Does anyone know why Spark SQL is more strict on queries?
TL;DR EXTERNAL with no LOCATION is not allowed.
The definitive answer is in Spark SQL's grammar definition file SqlBase.g4.
You can find the definition of CREATE EXTERNAL TABLE as createTableHeader:
CREATE TEMPORARY? EXTERNAL? TABLE (IF NOT EXISTS)? tableIdentifier
This definition is used in the supported SQL statements.
Unless I'm mistaken locationSpec is optional. That's according to the ANTLR grammar.
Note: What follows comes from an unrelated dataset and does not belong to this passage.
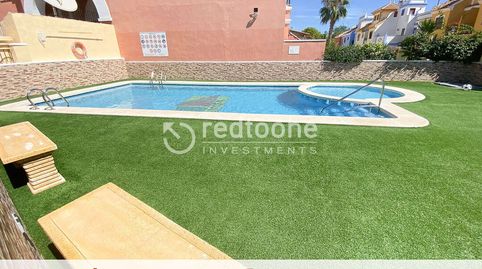 Foto 3 de Casa o chalet en venta en Roda, San Javier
The code may decide otherwise and it seems it does.
scala> spark.version
res4: String = 2.3.0-SNAPSHOT
val q = "CREATE EXTERNAL TABLE IF NOT EXISTS new_table (id BIGINT, StartTime TIMESTAMP, EndTime TIMESTAMP) PARTITIONED BY (year INT, month INT, day INT) ROW FORMAT DELIMITED FIELDS TERMINATED BY '\t'"
scala> sql(q)
org.apache.spark.sql.catalyst.parser.ParseException:
Operation not allowed: CREATE EXTERNAL TABLE must be accompanied by LOCATION(line 1, pos 0)
== SQL ==
CREATE EXTERNAL TABLE IF NOT EXISTS new_table (id BIGINT, StartTime TIMESTAMP, EndTime TIMESTAMP) PARTITIONED BY (year INT, month INT, day INT) ROW FORMAT DELIMITED FIELDS TERMINATED BY ' '
^^^
at org.apache.spark.sql.catalyst.parser.ParserUtils$.operationNotAllowed(ParserUtils.scala:39)
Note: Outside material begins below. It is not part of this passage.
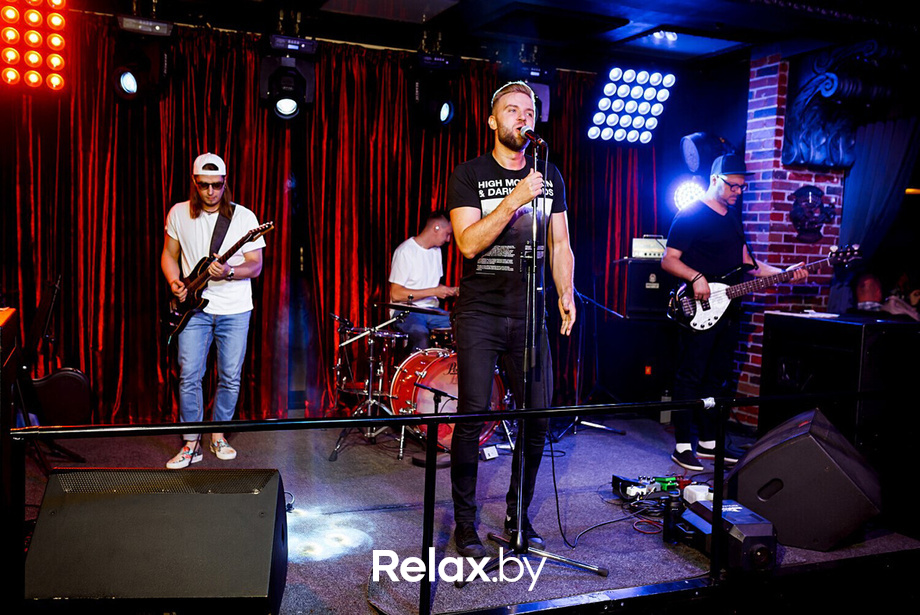 Brooklyn Live!, фото № 64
at org.apache.spark.sql.execution.SparkSqlAstBuilder$$anonfun$visitCreateHiveTable$1.apply(SparkSqlParser.scala:1096)
at org.apache.spark.sql.execution.SparkSqlAstBuilder$$anonfun$visitCreateHiveTable$1.apply(SparkSqlParser.scala:1064)
at org.apache.spark.sql.catalyst.parser.ParserUtils$.withOrigin(ParserUtils.scala:99)
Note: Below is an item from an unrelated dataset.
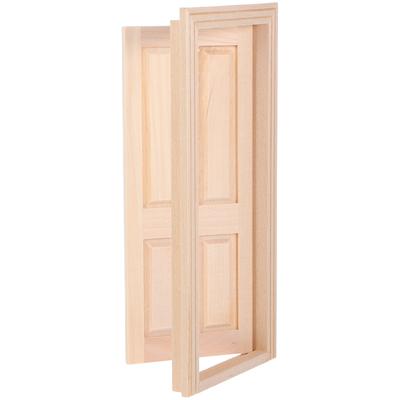 Panenky a plyšové hračky – Domečky pro panenky a příslušenství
at org.apache.spark.sql.execution.SparkSqlAstBuilder.visitCreateHiveTable(SparkSqlParser.scala:1064)
at org.apache.spark.sql.execution.SparkSqlAstBuilder.visitCreateHiveTable(SparkSqlParser.scala:55)
at org.apache.spark.sql.catalyst.parser.SqlBaseParser$CreateHiveTableContext.accept(SqlBaseParser.java:1124)
at org.antlr.v4.runtime.tree.AbstractParseTreeVisitor.visit(AbstractParseTreeVisitor.java:42)
at org.apache.spark.sql.catalyst.parser.AstBuilder$$anonfun$visitSingleStatement$1.apply(AstBuilder.scala:71)
at org.apache.spark.sql.catalyst.parser.AstBuilder$$anonfun$visitSingleStatement$1.apply(AstBuilder.scala:71)
at org.apache.spark.sql.catalyst.parser.ParserUtils$.withOrigin(ParserUtils.scala:99)
at org.apache.spark.sql.catalyst.parser.AstBuilder.visitSingleStatement(AstBuilder.scala:70)
at org.apache.spark.sql.catalyst.parser.AbstractSqlParser$$anonfun$parsePlan$1.apply(ParseDriver.scala:69)
at org.apache.spark.sql.catalyst.parser.AbstractSqlParser$$anonfun$parsePlan$1.apply(ParseDriver.scala:68)
at org.apache.spark.sql.catalyst.parser.AbstractSqlParser.parse(ParseDriver.scala:97)
at org.apache.spark.sql.execution.SparkSqlParser.parse(SparkSqlParser.scala:48)
at org.apache.spark.sql.catalyst.parser.AbstractSqlParser.parsePlan(ParseDriver.scala:68)
at org.apache.spark.sql.SparkSession.sql(SparkSession.scala:623)
... 48 elided
The default SparkSqlParser (with astBuilder as SparkSqlAstBuilder) has the following assertion that leads to the exception:
if (external && location.isEmpty) {
operationNotAllowed("CREATE EXTERNAL TABLE must be accompanied by LOCATION", ctx)
I'd consider reporting an issue in Spark's JIRA if you think that the case should be allowed. See SPARK-2825 to have a strong argument to have the support:
CREATE EXTERNAL TABLE already works as far as I know and should have the same semantics as Hive.